Laboring to improve on the old Union and perfect their own notions of republicanism, the Confederate founders applied lessons learned through painful historical experience. Fear of corruption, for example, conditioned their approach to taxation and spending. Many delegates believed that tariff laws and appropriations bills in the old congress had drained the treasury for private profit. Although Southerners differed sharply over trade policy, the new Constitution prohibited protective tariffs. The Constitution also eliminated bounties for industry and, except for rivers and harbors bills, prohibited expenditures for internal improvements. Equally important, a two-thirds vote in both houses was now required for the passage of any appropriations not requested by the executive. This bold attempt to end congressional logrolling and other traditional practices received wide support and seemed to portend a cleansing of Southern politics.

To curtail needless expenditures and control the congressional appetite for pork-barrel projects, delegates at Montgomery gave the President considerable budgetary authority. Besides the two-thirds majority restriction on appropriations initiated by the Congress, the president also received a line-item veto that further shifted budget decisions from the legislative to the executive branch. The Confederate Constitution would presumably halt the expansion of government interference in the economy and restore a more pristine ideal of state authority. Yet the new constitution also had the same kind of "necessary and proper clause" that had long produced sharp debates over the scope of national power and the balance between federal and state authority.

The Confederacy's founders increased executive authority but changed the political dynamic by restricting the president to a single six-year term. Many delegates at Montgomery hoped to insulate the president from congressional and outside political pressures, thus making him more independent.

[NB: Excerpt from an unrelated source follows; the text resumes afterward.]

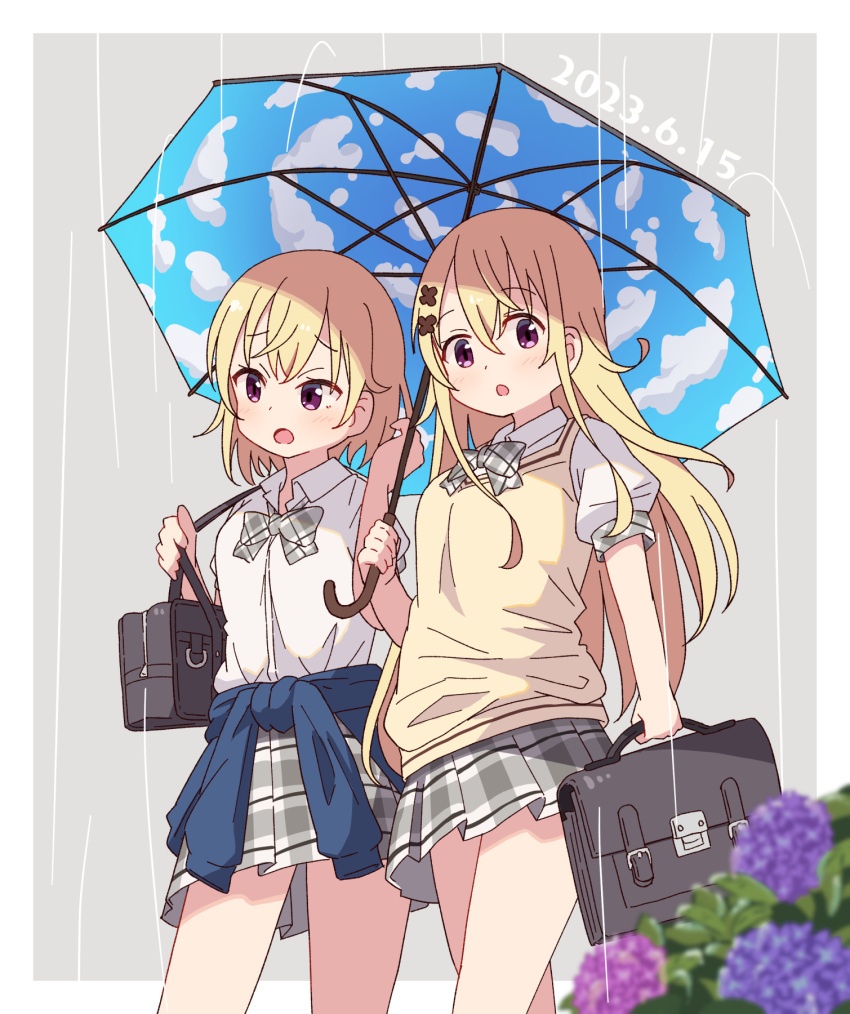 2girls :o bag black_bag blonde_hair blue_sweater bow bowtie breasts carrying carrying_bag clothes_around_waist collared_shirt commentary_request cowboy_shot dated flower gochuumon_wa_usagi_desu_ka? grey_background grey_bow grey_bowtie grey_skirt highres holding holding_umbrella jinja_eru jinja_natsume long_hair looking_at_viewer miniskirt mohei multiple_girls open_mouth plaid plaid_bow plaid_bowtie plaid_skirt pleated_skirt puffy_short_sleeves puffy_sleeves rain school_uniform shared_umbrella shirt short_hair short_sleeves sidelocks simple_background skirt small_breasts standing sweater sweater_around_waist sweater_vest umbrella white_shirt yellow_sweater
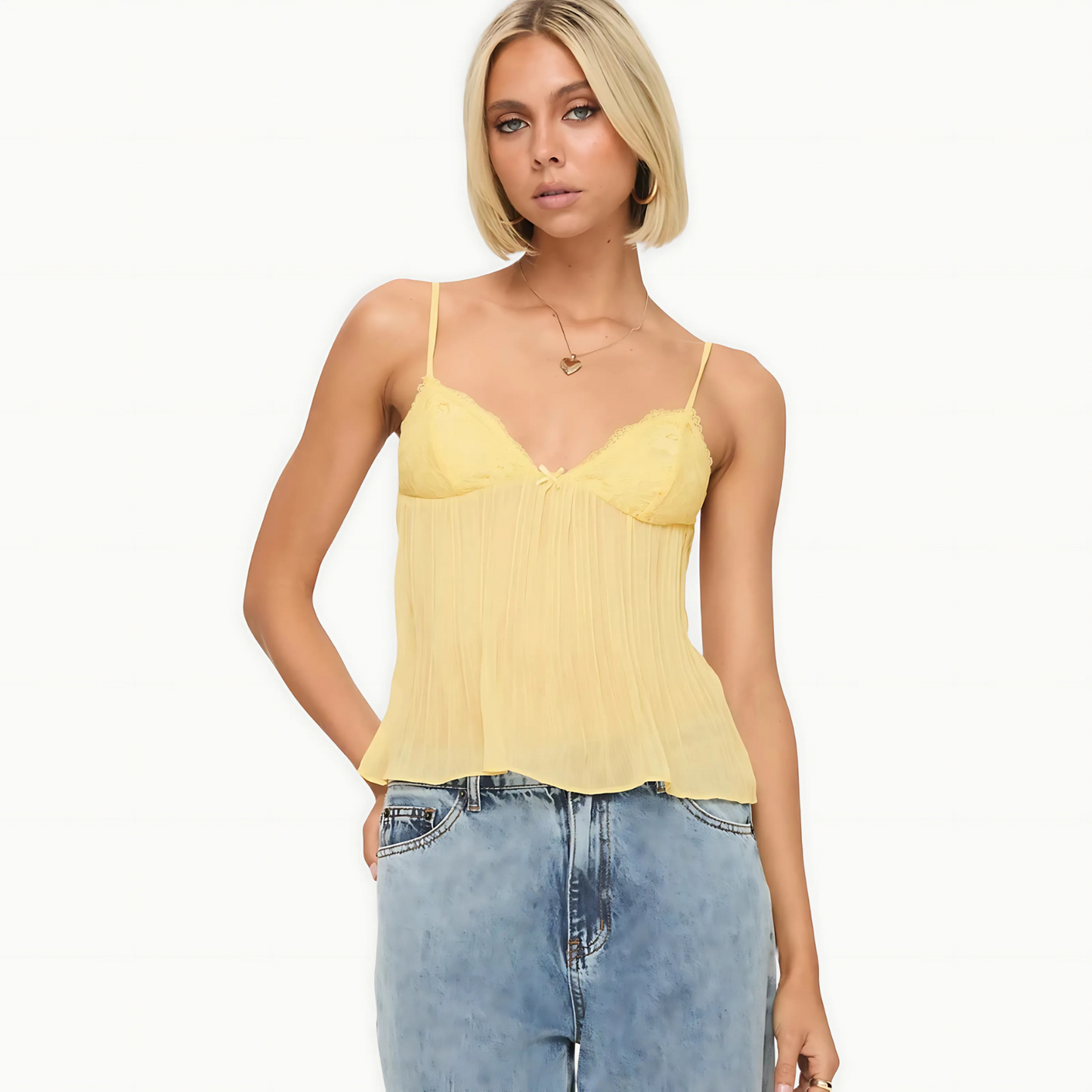 Chloe&Co. Laced Up Bow Cami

The president could administer the government for a substantial period without worrying about reelection and without having to respond to every momentary political pressure. The single six-year term would supposedly remove temptations of power and ambition. The new vice president, Alexander Stephens, optimistically predicted that the president would now single-mindedly seek "the good of the people, the advancement, prosperity, happiness, safety, honor, and true glory of the confederacy."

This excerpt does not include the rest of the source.